I agree, it doesn't really stop them from developing anything cutting edge, there's ways around the export controls, even if they are uneconomical. And the Chinese are no strangers to investing into uneconomical things for vanity or defense purposes.

mycall

Even if you go to yandex.ru, you can find mac mini m4 for sale for same price at in the US. Export controls are pourous.

xnx

> Groq / Cerebras, the fastest LLM inference companies

What do you mean by fastest LLM inference companies? Is there a leaderboard for this?

o999

It is important to keep in mind that GPUs power per $ is what matters, and not per unit.

China can produce much cheaper electronics that can compete even when they aren't as powerful as NVIDIA's

sanjams

> Infrastructure algorithm optimization

> Novel training frameworks

Where can one find more information about these? I keep seeing hand-wavy language like this w.r.t. DeepSeek’s innovation

lhl

I think you haven't been looking too hard in that case. Here is the R1 paper: https://arxiv.org/abs/2501.12948

You can find more papers from the attached author: https://arxiv.org/search/cs?searchtype=author&query=DeepSeek... or title https://arxiv.org/search/?query=DeepSeek&searchtype=title&ab... and go through citations for more.

Of course, you could just search by some of the attached authors as well. Daya Guo, the lead author for the R1 paper has 36 papers on Arxiv: https://arxiv.org/search/cs?query=Guo%2C+Daya&searchtype=aut...

Besides the papers, DeepSeek has an active Github https://github.com/deepseek-ai and https://huggingface.co/deepseek-ai

sanjams

I have read the R1 paper. My observation is that there is no information whatsoever about how they are overcoming the limitations of the H800 compared to the H100 which is what the parent article is about. That's the piece Im curious about.
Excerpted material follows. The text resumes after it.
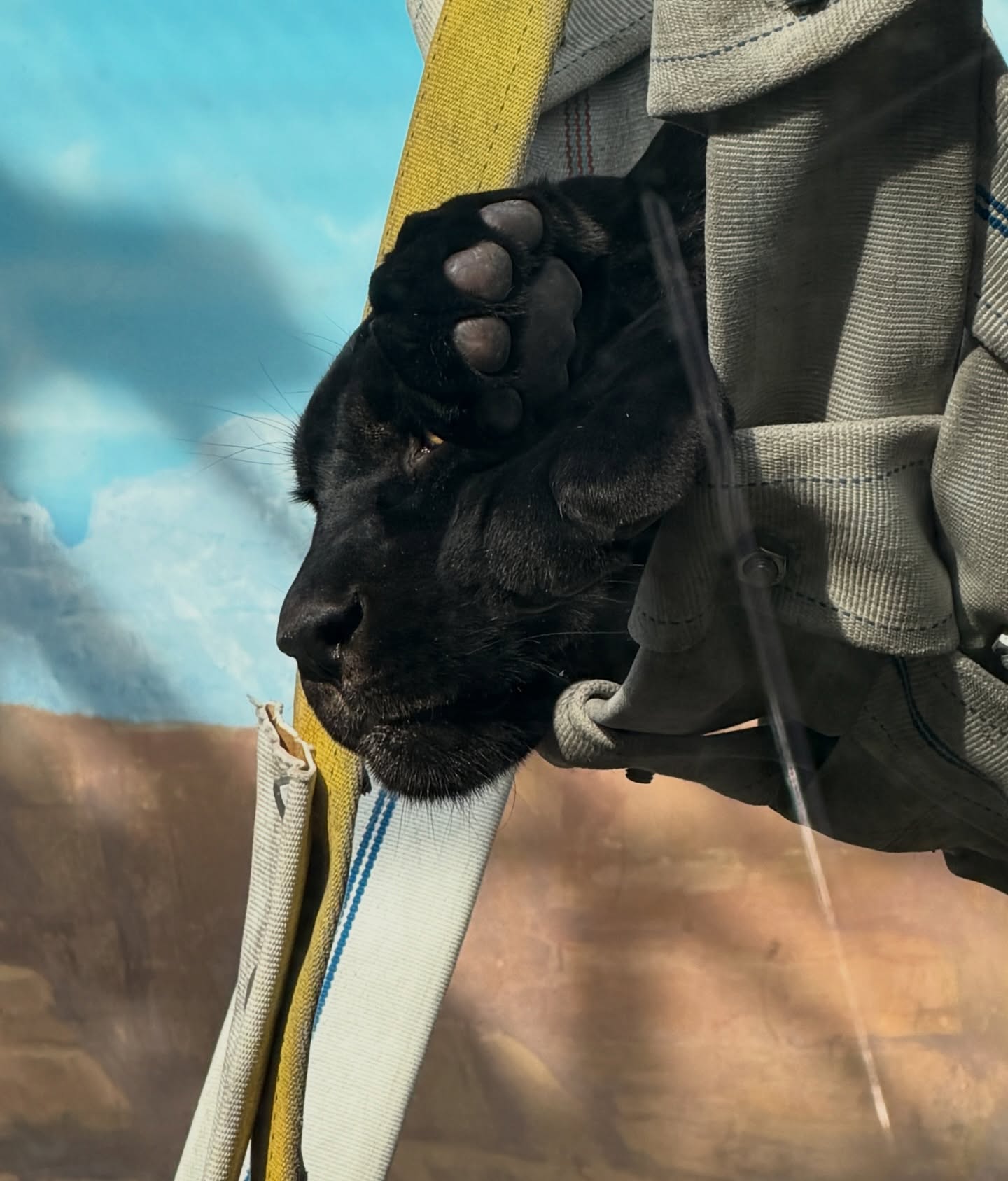 เปรม - วรุศ ชวลิตรุจิวงษ์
I will concede that I have not read all their papers or looked through their code, but that's why I asked the question: I hoped someone here might be able to point me to specific places in specific papers instead of a axvix search.

chvid

They wrote a paper. As far as I can tell they applied a smørrebrødsbord approach and that let to the results they got.

diggan

FWIW, I think you meant "Smörgåsbord", which is basically tapas but Swedish-style, like a mix of many different dishes. Smørrebrød is a Danish type of sandwich, I'm guessing smørrebrødsbord would be "a table of Smørrebrød", but I'm not sure how common "smørrebrødsbord", I'm not Danish :)

GaggiX

Their paper goes into the details: https://arxiv.org/abs/2501.12948

whywhywhywhy

Excellent models that need a fraction of compute were obviously going to come from this. OAI is actually encouraged to not to try to make their models because compute is a moat too.

Nyr

This article is assuming that they are being truthful and indeed had access to limited hardware resources, which is doubtful to say the least.

benreesman

I think we should have substantially more confidence in the claims of people who A) haven’t been caught misleading us yet and B) have published extensive code and weights for their absolutely cutting edge stuff and C) aren’t attached to a bunch of other bad behavior (e.g. DDoS crawlers) that we know about.
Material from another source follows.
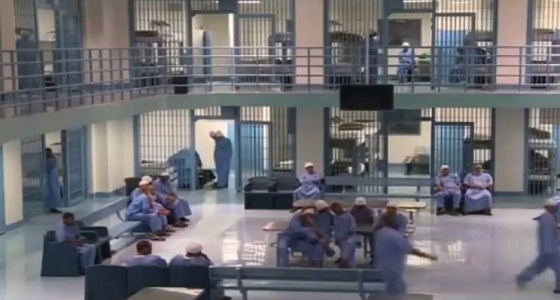 السجون تطالب وزارة العدل بإيجاد عقوبات بديلة للسجن للحد من معاناة المساجين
If there’s news of DeepSeek behaving badly and I missed it, then I take that back, but AFAIK they are at or near the top of the rankings on being good actors.

lopuhin

Why is this doubtful, did you spot any suspicious things in their paper? They make the weights and a lot of training details open as well, which leaves much less room for making stuff up, e.g. you could check training compute requirements from active weight size (which they can't fake as they released the weights) and fp8 training used.

m3kw9

There is rumor the open source is diff from the hosted deepseek so needs more investigation. A bad actor would be someone piping oai models behind a server

ioulaum

It's not actually a 600B+ model. It's a mixture of experts. The actual models are pretty small and thus don't require as much training to reach a decent point.
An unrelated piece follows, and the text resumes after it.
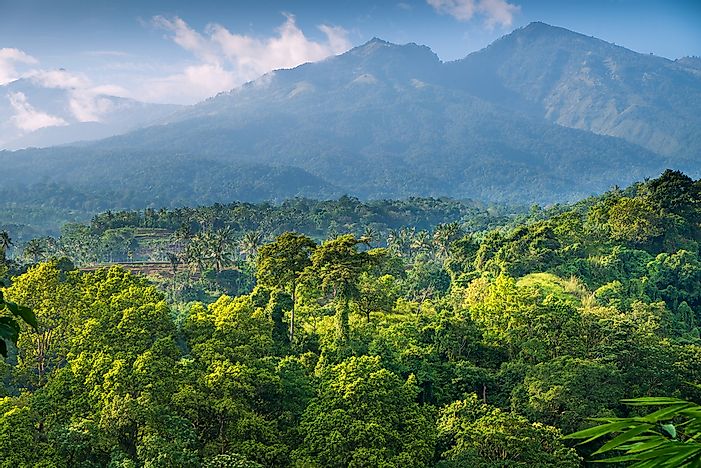 Province With Largest Forests In Indonesia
It's similar to Mixtral having gotten good performance while not having anywhere near OpenAI class money / compute.

ur-whale

> It's not actually a 600B+ model. It's a mixture of experts.

Is this described in the paper or was this inferred from the model itself ?

Just curious, especially if the latter.

lopuhin

It's a 600B+ mixture of experts and yes it's described in the paper, GitHub, etc.

null

[deleted]

rbcjvuvy6

[dead]

chvid

DeepSeek shows that it is not the size of your computer that matters the most, rather your talent, and the approach you are taking.

Should have been obvious but now somehow isn't?

diggan

Why can't both matter? No matter your talent, if you don't have access to compute, you can't really test your hypothesis in practice, and if you don't have any talent, all the compute in the world wouldn't matter.

sinuhe69

There is also rumor that they in fact have access to 50000 H100 GPU, and not just H800. 50000 H100 is as big as half of Elon Musk's Colossus!

Cumpiler69

Question: What's stopping China from buying GPUs via third party middle-men countries that don't have export controls to China?

I would assume nothing, similarly to how exports of western tech from western countries somehow magically exploded overnight to Russia's neighbors and everyone is pretending not to notice because it makes money.

https://i.imgur.com/kDCsxbt.jpeg

ioulaum

They do manage to get smuggled GPUs, but last time I checked, the prices of top GPUs was 5-10x in China, compared to what it should be.

And overall, the controls on sales are being expanded.

The simpler option for them realistically, is not so much that they buy the latest GPUs, but rather that they manage to use them on western cloud services.

The US is looking to track money flows in greater detail to see if funds are ultimately coming from China, but that's some majorly invasive stuff, and not entirely easy to implement on the scale of the planet.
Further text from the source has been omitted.